Gazzeli adam, israil saldırılarında şehid olan yakınının defni sırasında bu hakikati dile getirdi.
Halkı Müslüman olan ülkelerin, kınama tavırları, artık kabak tadı vermeye; hatta büyük bir tiksinti uyandırmaya başladı.
Bu onursuz tavır üzerine artık Filistin Direnişi de İslam Ümmetine farklı tondan sitem etmeye başladı; İslam Ümmeti'ni, kınamayı bırakıp artık eyleme geçmeye çağırdı.
İngiltere ve Fransa, terör çetesi israilin geldiği noktayı, aşırılık olarak bulduğunu ve derhal bu politikasına son vermeye çağırdı.
İrlanda, siyonist şirketlere ticaret yasağını getirmeyi konuşuyor.
İspanya, silah ticareti yapmayı yasaklamakla kalmayıp Siyonist gemilerin, kendi limanlarına demirlemesini bile yasakladı.
Avustralya Başbakanı çok net ifadelerle, israili savaşı ve işgali durdurmaya çağırdı.
israilin en büyük destekçilerinden birisi olan Almanya bile, bu savaşın artık HAMAS'a karşı verilen bir savaş olmaktan çıktığını ve son bulması gerektiğini söylüyor.
Bu liste uzayıp gidiyor.
Peki Türkiye'de durum nasıl?
Nutuklar bol ama icraat çok zayıf...
israile giden yakıt hala Türkiye üzerinden gidiyor. Kardeş denilen Azerbeycan yönetimi, israilin neredeyse en büyük müttefiki...
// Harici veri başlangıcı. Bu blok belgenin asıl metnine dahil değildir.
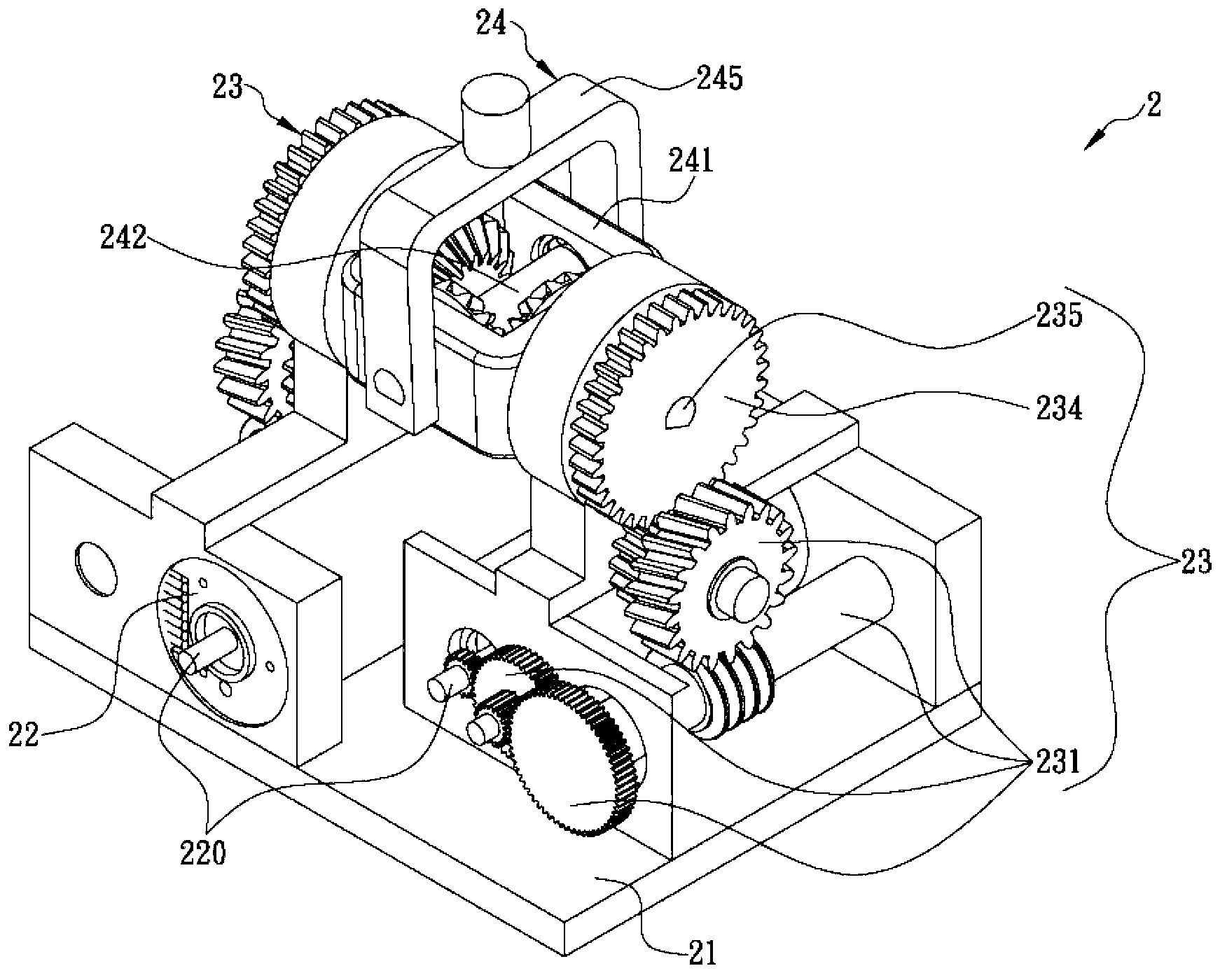 Robot crus structure capable of imitating human body ankle motions by utilizing pull rods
Şaibeli ticaret söylentilerinin ardı arkası kesilmiyor.
Bütün dünyada terör çetesi israil aleyhinde böyle bir konsensüs sağlanmış iken, sadece afaki çağrılarla yetinmek yerine, bunun öncülüğünü yapıp bir eylem planı ortaya koymak gerekir. Siyonistlere "dur" diyen tüm ülke başkanları, İstanbul'a davet edilmeli, acil bir eylem planı ortaya konulmalıdır.
Derhal askeri müdahale, barış gücü, Siyonistlerin siyasi ve ekonomik izolasyonu müzakere edilmeli, hiç zaman geçirmeden de Avrupalı anti siyonist devletlerin de dahil olduğu bir askerî gücün himayesinde, yardım koridoru açmalı; bu koridora ve yardım görevlilerine yapılacak bir saldırının savaş sebebi olduğu ilan edilmelidir.
Çocukların diri diri yakıldığı bir soykırım ortamında, askeri seçenekten başka da bir yol yoktur.